En 1999 el diario Kommersant preguntó a sus lectores qué personaje, real o de ficción, elegirían como siguiente presidente de Rusia. Ganó el mariscal Zhukov (real) y quedó segundo el famoso pero ficticio espía Max Stirlitz. Era el protagonista de la serie televisiva Diecisiete instantes de una primavera, que se emitió por primera vez en 1973 con una impresionante audiencia de entre cincuenta y ochenta millones de personas en cada capítulo. Parece que la emisión fue impulsada por Yuri Andropov, entonces director de la KGB cuya imagen deseaba realzar. Y parece que consiguió cautivar al propio Vladimir Putin, que ingreso en la agencia un par de años más tarde. Por su parte la encuesta de Kommersant atrajo la atención del experto en comunicación Gleb Pavlosky. Los oligarcas le habían encargado buscar el perfil más deseado por los rusos para sustituir a Yeltsin, exhausto y desprestigiado ante la opinión pública. Concluyó que los electores querían a alguien enérgico y eficiente que les devolviera estabilidad tras las turbulencias de la etapa Yeltsin. A continuación Pavlovsky publicó la foto de Stirlitz en un semanario muy popular con el título «Presidente del año 2000», y simultáneamente comenzó el lanzamiento de Putin que, a fin de cuentas, también era espía y al que atribuyó las cualidades que el público veía en Stirlitz. Es decir, el personaje de ficción atrajo al Putin real a la KGB, y luego éste acabó representando en el mundo real los anhelos que el público había depositado en el personaje ficticio.

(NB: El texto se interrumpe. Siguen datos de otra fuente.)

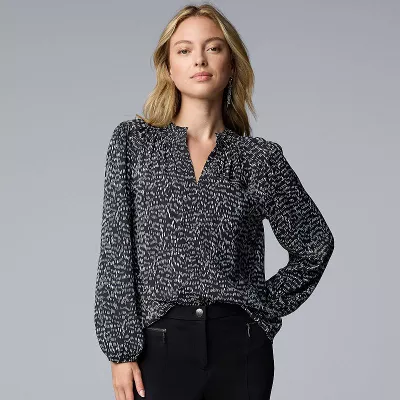 Women's Simply Vera Vera Wang Smocked Neck Blouse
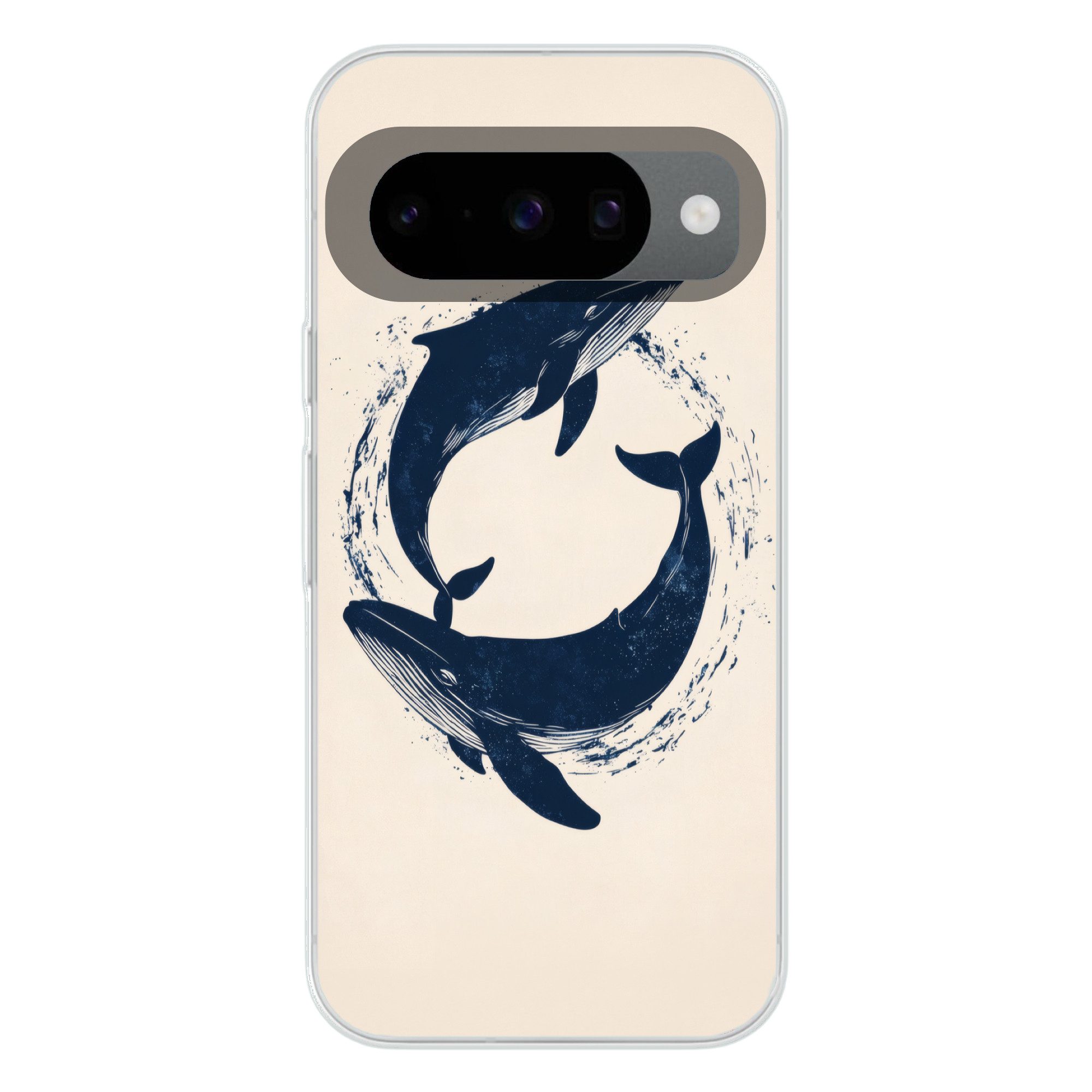 MuchoWow Handyhülle für Google Pixel 10 Pro Wale - Spritzer - Kreis - Dunkelblau, Handy Case, Silikon, Bumper Case Dünn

Esta confusión entre política y espectáculo marcaría todo el gobierno de Putin y, en realidad, daría comienzo a una forma de hacer política-espectáculo en occidente. Los rusos llaman «dramaturgia» a la sustitución de la realidad por una gigantesca representación organizada desde el poder, con su guion, su decorado y sus actores
(dentro de éstos el «malo» es el papel esencial, que da sentido a todo el drama). El principal dramaturgo de Putin fue el gurú de la comunicación Vladislav Surkov, que se encargó de reemplazar el gobierno corrupto e incompetente de su jefe por un reality total. Para ello, además de controlar los medios, se dedicó a desactivar toda oposición y a integrarla en el Kremlin. Se dice que tenía en su mesa una serie de teléfonos con los nombres de los líderes de partidos y organizaciones «independientes», y con esos hilos telefónicos los manejaba como títeres. Con una mano Surkov financiaba organizaciones defensoras de los derechos humanos, y con la otra organizaciones ultranacionalistas que acusaban a aquellas de ser herramientas de occidente; patrocinaba las más provocativas muestras de arte moderno en Moscú y a ultraortodoxos vestidos de negro que, armados con cruces, atacaban esas exposiciones. Todo dentro del Kremlin, todo controlado por su mago. Por eso a veces se considera a Surkov el inventor de la fake democracy o «democracia soberana». En ella se mantienen rituales propios de la democracia, pero desprovistos de contenido y usados únicamente para vestir un régimen autoritario (la democracia es a la democracia soberana lo que la electricidad a la silla eléctrica, dicen algunos escépticos).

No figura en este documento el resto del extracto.